▼▼▼
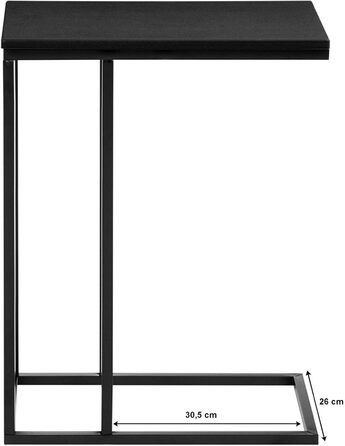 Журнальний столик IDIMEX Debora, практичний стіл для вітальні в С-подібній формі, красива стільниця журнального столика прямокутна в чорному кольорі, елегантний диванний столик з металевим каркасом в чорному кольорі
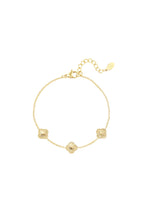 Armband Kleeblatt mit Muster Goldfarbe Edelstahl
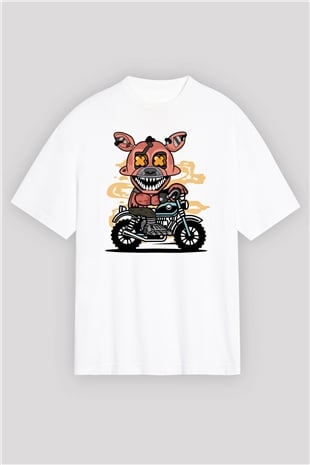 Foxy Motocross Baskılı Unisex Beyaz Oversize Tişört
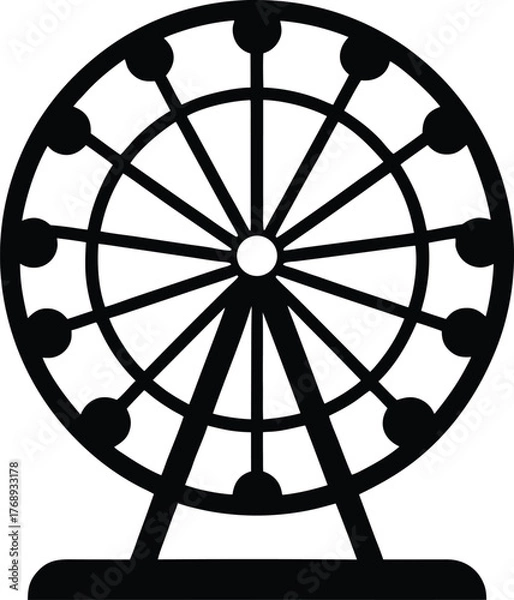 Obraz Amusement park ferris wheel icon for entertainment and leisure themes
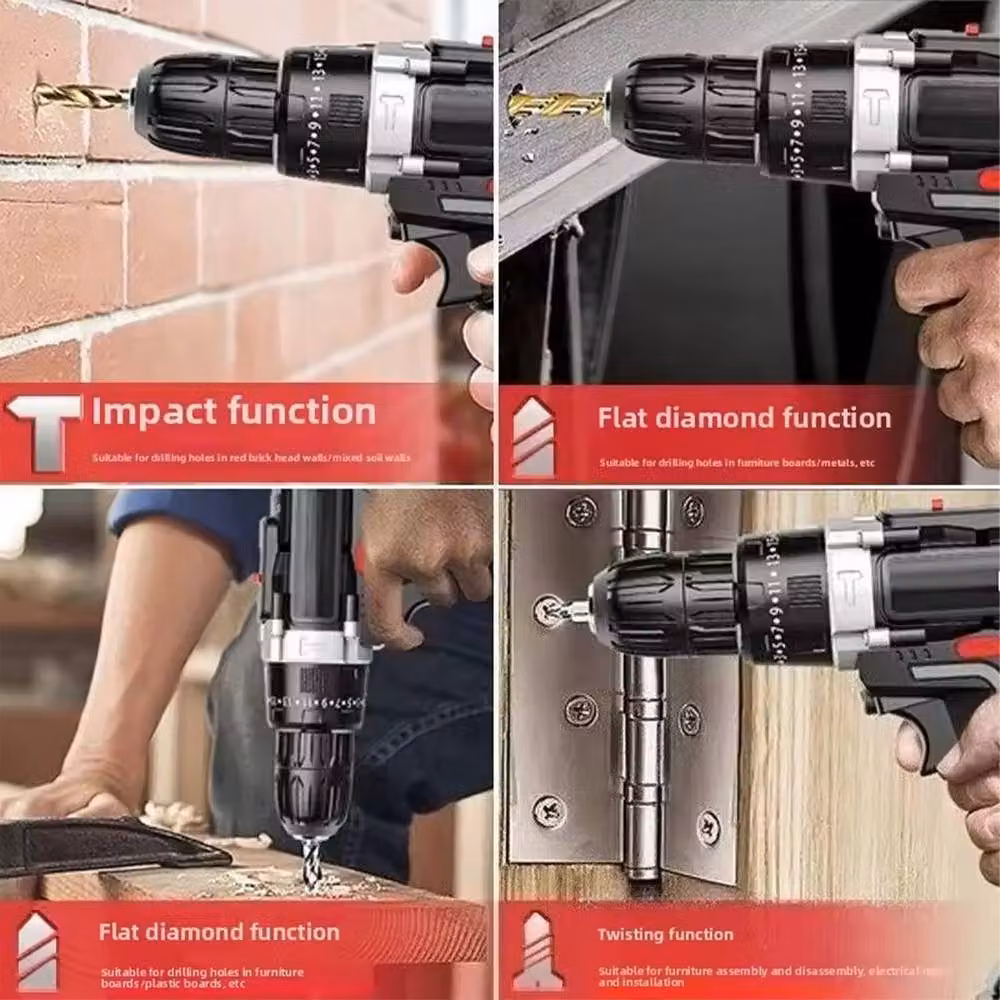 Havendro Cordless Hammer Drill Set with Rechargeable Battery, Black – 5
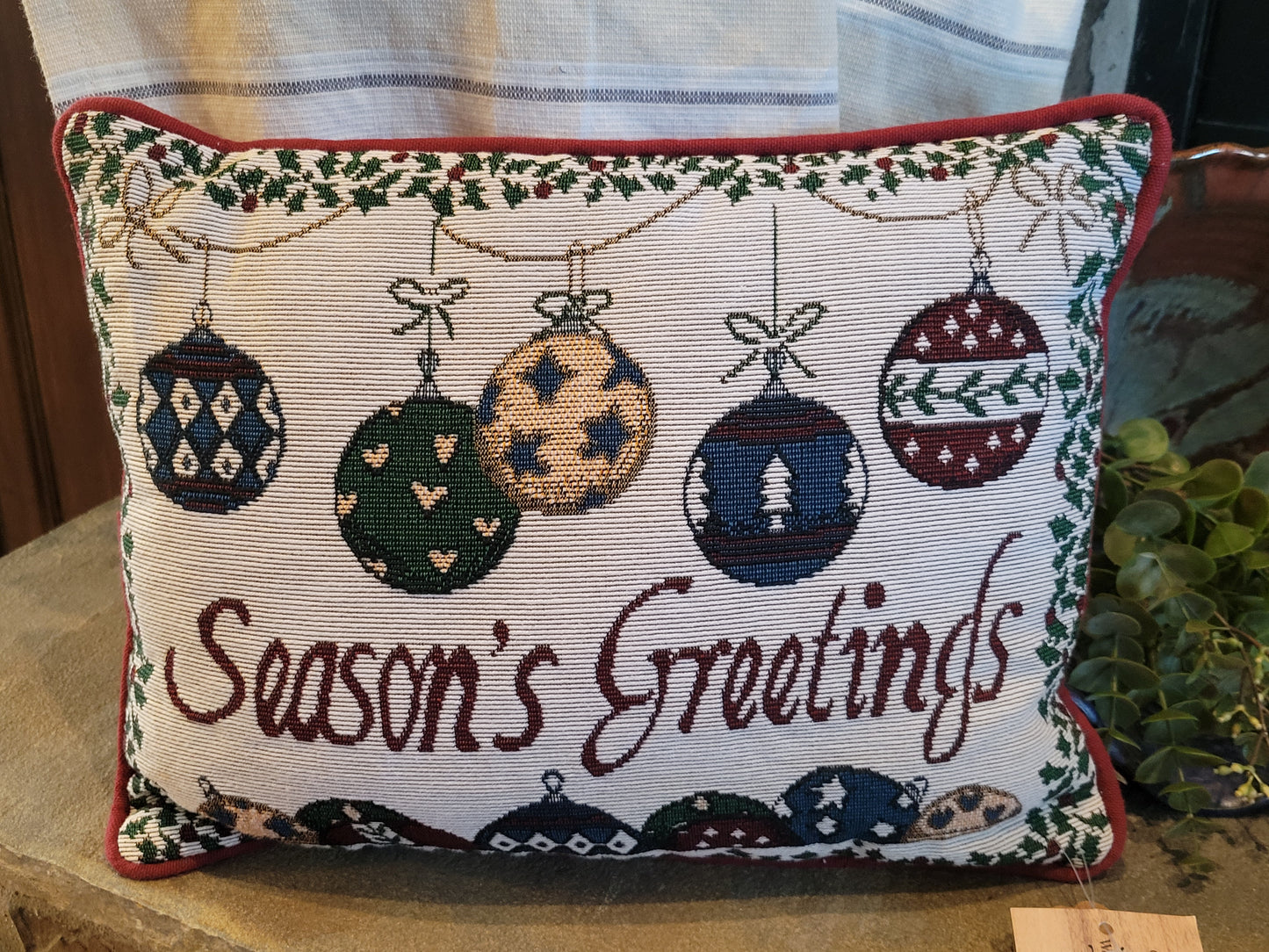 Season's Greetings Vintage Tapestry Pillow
▲▲▲
Problem details: Set out nothing but the lines from the line with "Foxy Motocross Baskılı" through the end of the material, reproduced exactly, both ends included, pictures omitted.

Response to the task:
 Foxy Motocross Baskılı Unisex Beyaz Oversize Tişört
 Obraz Amusement park ferris wheel icon for entertainment and leisure themes
 Havendro Cordless Hammer Drill Set with Rechargeable Battery, Black – 5
 Season's Greetings Vintage Tapestry Pillow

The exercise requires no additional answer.